**** Material provided ****

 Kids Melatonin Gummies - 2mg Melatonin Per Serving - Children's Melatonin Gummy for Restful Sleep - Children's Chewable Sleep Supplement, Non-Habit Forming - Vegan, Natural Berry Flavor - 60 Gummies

****
**** Material provided ****

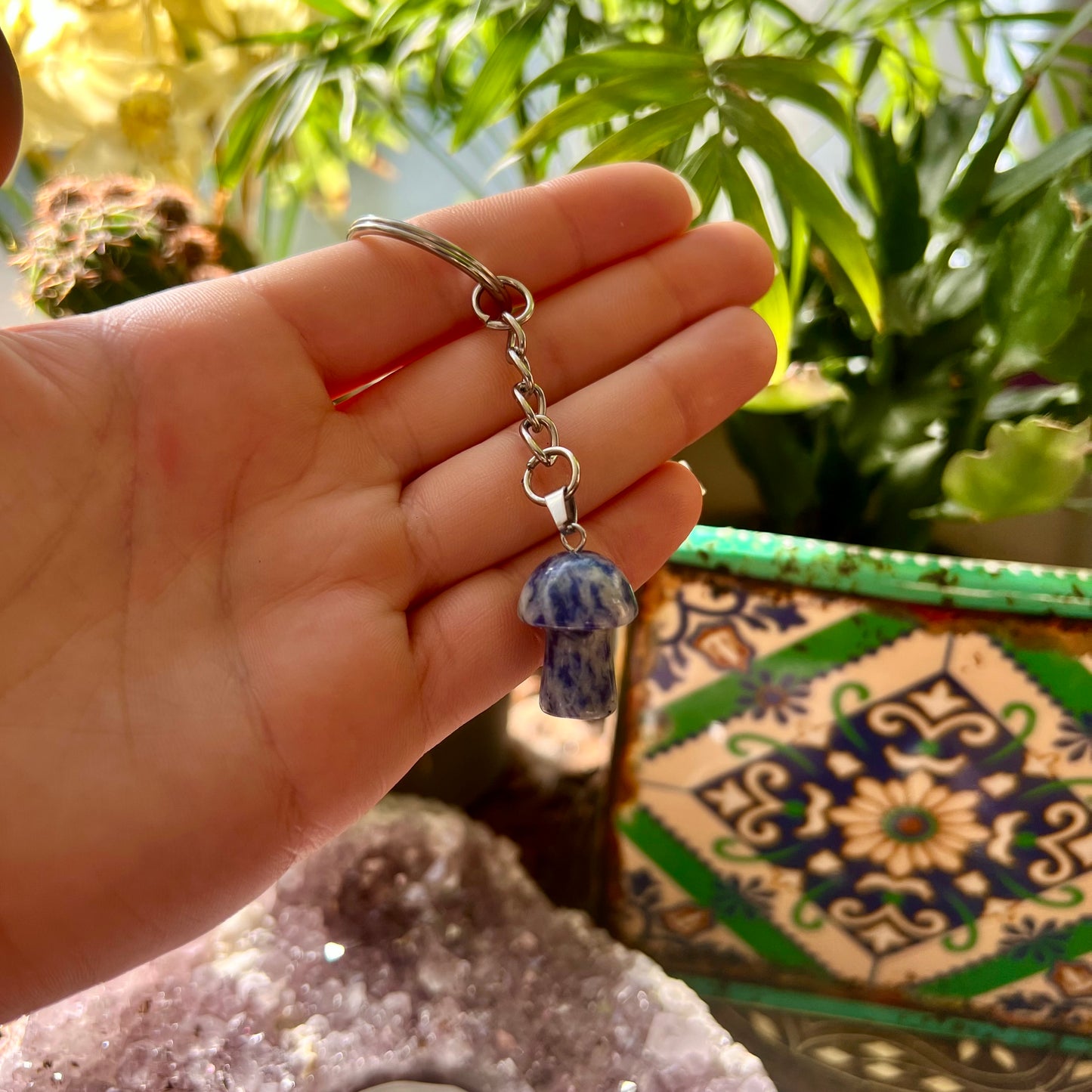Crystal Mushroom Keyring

****
**** Material provided ****

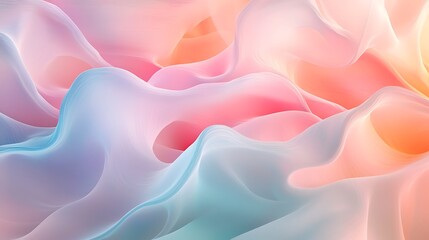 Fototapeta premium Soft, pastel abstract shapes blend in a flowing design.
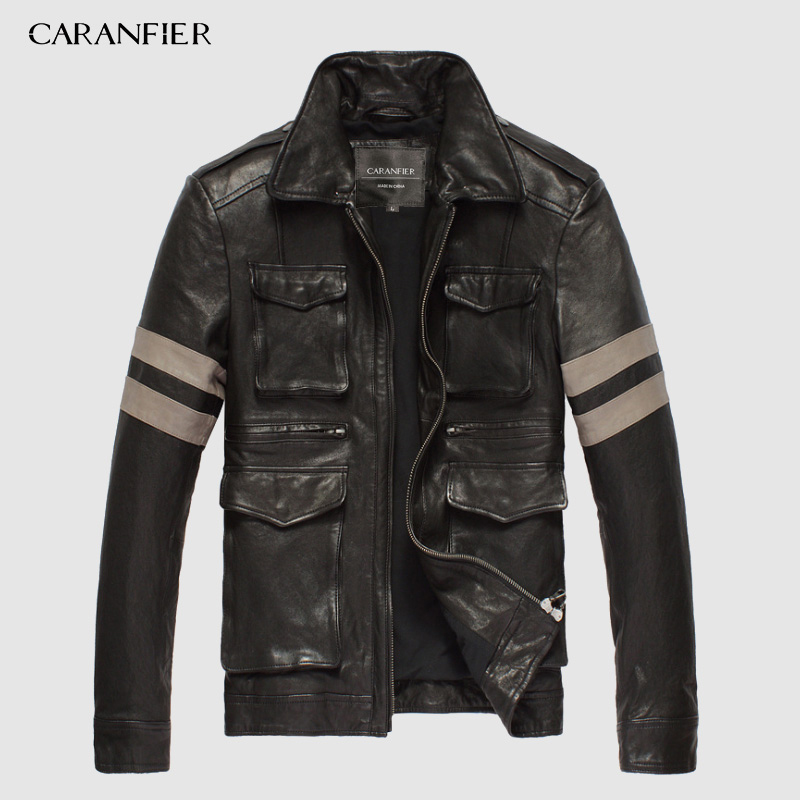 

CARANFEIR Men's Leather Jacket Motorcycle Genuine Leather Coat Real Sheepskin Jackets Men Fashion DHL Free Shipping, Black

****

What is being asked -
With the pictures omitted, copy the entries above exactly from the line containing "Fototapeta premium Soft, pastel" through the line containing "CARANFEIR Men's Leather", both lines included.

Task response -
 Fototapeta premium Soft, pastel abstract shapes blend in a flowing design.

CARANFEIR Men's Leather Jacket Motorcycle Genuine Leather Coat Real Sheepskin Jackets Men Fashion DHL Free Shipping, Black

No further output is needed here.